(Records from a dataset)
----

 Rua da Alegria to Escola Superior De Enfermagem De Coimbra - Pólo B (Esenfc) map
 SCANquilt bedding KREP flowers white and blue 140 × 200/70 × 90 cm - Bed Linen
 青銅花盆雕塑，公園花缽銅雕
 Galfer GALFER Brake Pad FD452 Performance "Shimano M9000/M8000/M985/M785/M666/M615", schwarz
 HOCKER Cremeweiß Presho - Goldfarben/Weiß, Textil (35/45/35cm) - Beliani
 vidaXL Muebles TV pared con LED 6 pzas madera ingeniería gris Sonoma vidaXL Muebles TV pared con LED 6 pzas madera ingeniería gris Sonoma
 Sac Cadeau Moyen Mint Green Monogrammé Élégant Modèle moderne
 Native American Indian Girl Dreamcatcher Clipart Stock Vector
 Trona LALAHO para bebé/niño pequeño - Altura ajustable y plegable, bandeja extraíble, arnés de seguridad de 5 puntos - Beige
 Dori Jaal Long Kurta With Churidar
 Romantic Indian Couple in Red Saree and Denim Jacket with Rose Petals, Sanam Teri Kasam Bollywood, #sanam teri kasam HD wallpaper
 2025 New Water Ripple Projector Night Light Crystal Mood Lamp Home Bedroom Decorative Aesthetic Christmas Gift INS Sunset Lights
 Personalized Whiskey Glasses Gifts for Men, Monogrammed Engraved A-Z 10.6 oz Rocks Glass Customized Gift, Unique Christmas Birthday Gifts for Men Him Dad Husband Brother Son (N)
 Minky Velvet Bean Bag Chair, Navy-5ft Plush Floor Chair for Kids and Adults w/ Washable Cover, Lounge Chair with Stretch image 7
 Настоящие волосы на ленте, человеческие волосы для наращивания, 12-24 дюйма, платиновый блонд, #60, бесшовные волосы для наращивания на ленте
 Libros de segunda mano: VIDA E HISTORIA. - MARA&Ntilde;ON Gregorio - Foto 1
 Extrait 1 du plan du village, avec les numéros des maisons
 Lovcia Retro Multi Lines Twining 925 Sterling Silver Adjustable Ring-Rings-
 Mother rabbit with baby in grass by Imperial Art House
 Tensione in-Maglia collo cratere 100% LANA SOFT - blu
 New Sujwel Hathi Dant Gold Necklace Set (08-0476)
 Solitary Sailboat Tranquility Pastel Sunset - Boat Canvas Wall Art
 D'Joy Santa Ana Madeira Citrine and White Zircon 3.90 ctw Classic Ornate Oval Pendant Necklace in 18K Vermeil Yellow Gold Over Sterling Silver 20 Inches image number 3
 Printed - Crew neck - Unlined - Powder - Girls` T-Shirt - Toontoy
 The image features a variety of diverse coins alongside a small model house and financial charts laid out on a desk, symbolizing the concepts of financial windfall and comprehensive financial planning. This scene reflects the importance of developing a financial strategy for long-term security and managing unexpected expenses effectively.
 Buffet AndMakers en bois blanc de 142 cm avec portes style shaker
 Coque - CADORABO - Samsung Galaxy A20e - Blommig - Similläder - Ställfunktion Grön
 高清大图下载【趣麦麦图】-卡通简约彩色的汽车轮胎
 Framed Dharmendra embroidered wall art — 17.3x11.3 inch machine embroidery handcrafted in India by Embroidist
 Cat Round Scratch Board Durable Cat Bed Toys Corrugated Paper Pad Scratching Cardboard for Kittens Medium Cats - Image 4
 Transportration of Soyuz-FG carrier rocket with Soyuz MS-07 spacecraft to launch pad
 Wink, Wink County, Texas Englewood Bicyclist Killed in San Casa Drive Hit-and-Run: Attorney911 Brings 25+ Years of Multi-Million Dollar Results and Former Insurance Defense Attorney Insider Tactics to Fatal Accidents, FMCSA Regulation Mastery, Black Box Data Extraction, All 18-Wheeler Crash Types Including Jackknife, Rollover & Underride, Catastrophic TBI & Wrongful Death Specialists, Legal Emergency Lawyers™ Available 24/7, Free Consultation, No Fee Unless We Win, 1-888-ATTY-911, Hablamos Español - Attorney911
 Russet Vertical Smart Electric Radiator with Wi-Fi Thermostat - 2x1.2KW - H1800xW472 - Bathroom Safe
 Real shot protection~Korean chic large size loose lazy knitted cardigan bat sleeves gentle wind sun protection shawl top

----

EXERCISE => Each line from the one containing "Wink, Wink County, Texas" to the end of the records should be echoed exactly, and no other line.

SOLUTION TO THIS TASK =>
 Wink, Wink County, Texas Englewood Bicyclist Killed in San Casa Drive Hit-and-Run: Attorney911 Brings 25+ Years of Multi-Million Dollar Results and Former Insurance Defense Attorney Insider Tactics to Fatal Accidents, FMCSA Regulation Mastery, Black Box Data Extraction, All 18-Wheeler Crash Types Including Jackknife, Rollover & Underride, Catastrophic TBI & Wrongful Death Specialists, Legal Emergency Lawyers™ Available 24/7, Free Consultation, No Fee Unless We Win, 1-888-ATTY-911, Hablamos Español - Attorney911
 Russet Vertical Smart Electric Radiator with Wi-Fi Thermostat - 2x1.2KW - H1800xW472 - Bathroom Safe
 Real shot protection~Korean chic large size loose lazy knitted cardigan bat sleeves gentle wind sun protection shawl top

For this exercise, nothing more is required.